Moonage Daydream jest podzielone na trzy części. Z początkowej dowiemy się, jak wyglądała jego droga na szczyt. To także bezpośredni wgląd w kształtowanie się jego charakterystycznego, glamowego stylu, którym igrał z konwencjami i binarnością płci. Następnie przenosimy się do Berlina Zachodniego. Pobyt w części obecnej stolicy Niemiec zachęcił wokalistę do eksperymentowania z malarstwem i innymi sztukami wizualnymi. Dokument kończy się zaś w Stanach Zjednoczonych, gdzie David Bowie zamieszkał ze swoją żoną, Iman Abdulmajid. W Nowym Jorku żył aż do śmierci.

Zobacz również

The Chemical Brothers wystąpią na FEST Festivalu. Przygotowaliśmy dla was garść ciekawostek o zespole!

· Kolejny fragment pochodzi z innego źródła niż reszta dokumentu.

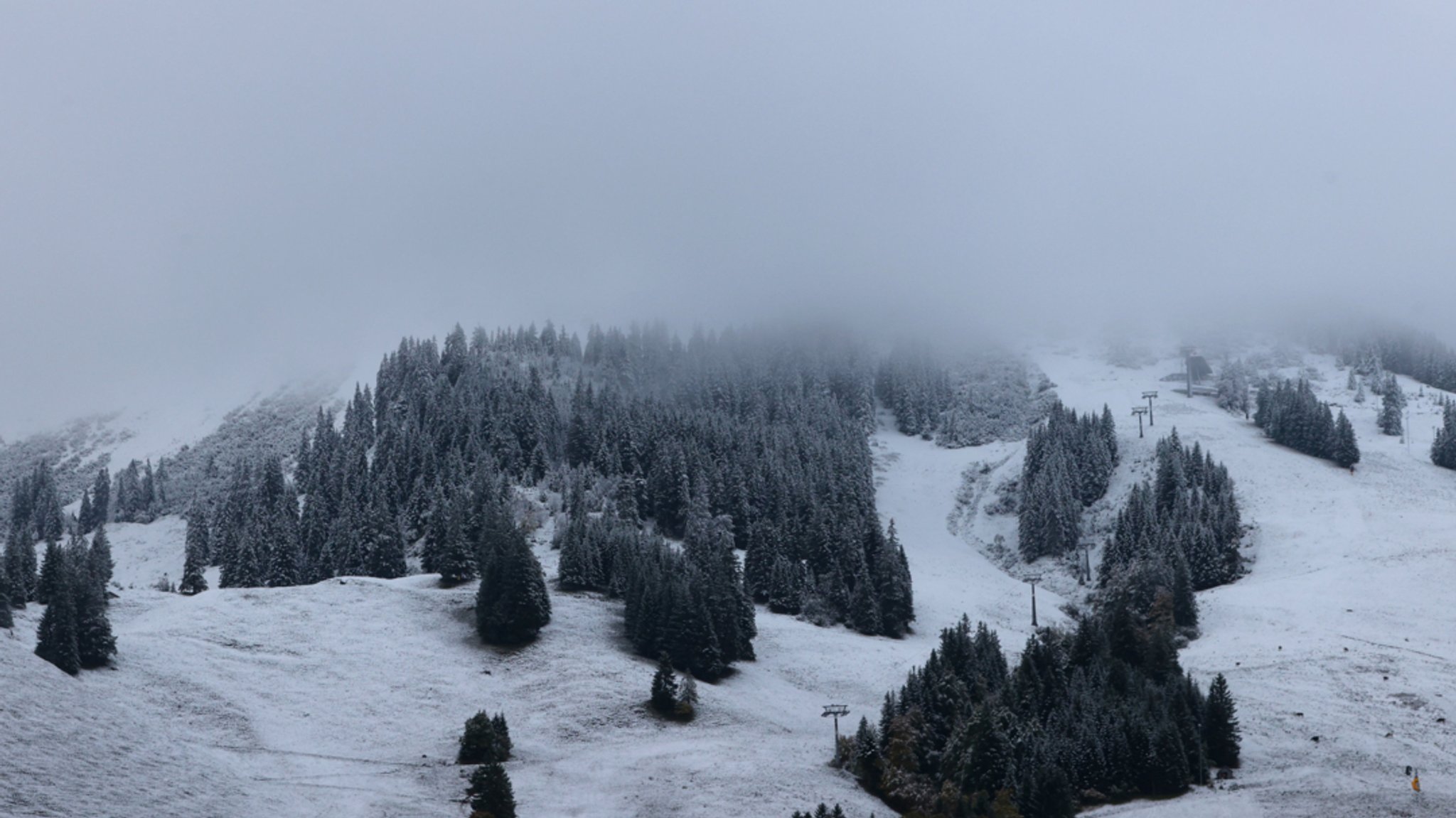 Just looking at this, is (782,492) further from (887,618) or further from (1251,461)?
(1251,461)

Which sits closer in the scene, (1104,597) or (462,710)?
(462,710)

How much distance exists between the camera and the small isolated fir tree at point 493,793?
59812 mm

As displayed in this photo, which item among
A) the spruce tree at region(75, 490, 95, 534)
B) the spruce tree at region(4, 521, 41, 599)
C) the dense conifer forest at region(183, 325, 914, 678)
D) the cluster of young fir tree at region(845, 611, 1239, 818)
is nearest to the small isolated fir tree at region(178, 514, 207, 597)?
the dense conifer forest at region(183, 325, 914, 678)

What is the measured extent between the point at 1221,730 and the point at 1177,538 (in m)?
57.3

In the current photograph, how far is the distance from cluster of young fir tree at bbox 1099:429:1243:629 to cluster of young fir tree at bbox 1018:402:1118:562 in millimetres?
6650

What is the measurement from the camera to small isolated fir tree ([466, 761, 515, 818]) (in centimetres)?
5981

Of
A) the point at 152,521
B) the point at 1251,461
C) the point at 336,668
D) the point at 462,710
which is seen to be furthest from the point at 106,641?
the point at 1251,461

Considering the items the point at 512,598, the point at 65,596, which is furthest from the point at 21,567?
the point at 512,598

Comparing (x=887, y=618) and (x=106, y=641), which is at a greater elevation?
(x=106, y=641)

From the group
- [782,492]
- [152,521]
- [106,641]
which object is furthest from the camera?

Nie wiem właściwie, dokąd zmierzam, ale obiecuję, że nie będę was zanudzać – powiedział wokalista podczas koncertu celebrującego jego 50. urodziny, który odbył się w 1997 roku. Zdaje się, że spełnił swój cel z nawiązką, a Moonage Daydream, opatrzone jego wieloma piosenkami, zmyślnie dokumentuje tę podróż. Oby osiągnęło lepszy wynik w box office od Stardust, czyli fabularyzowanej biografii piosenkarza. Film Gabriela Range’a z 2020 roku, w którym główną rolę zagrał Johnny Flynn, nie spotkał się z aprobatą publiczności. Z błotem zmieszali go również sami krytycy. – Całość wydaje się dziwnie pospolita, niezdolna do uchwycenia niezależnego ducha Bowiegopisała Simran Hans z The Observer.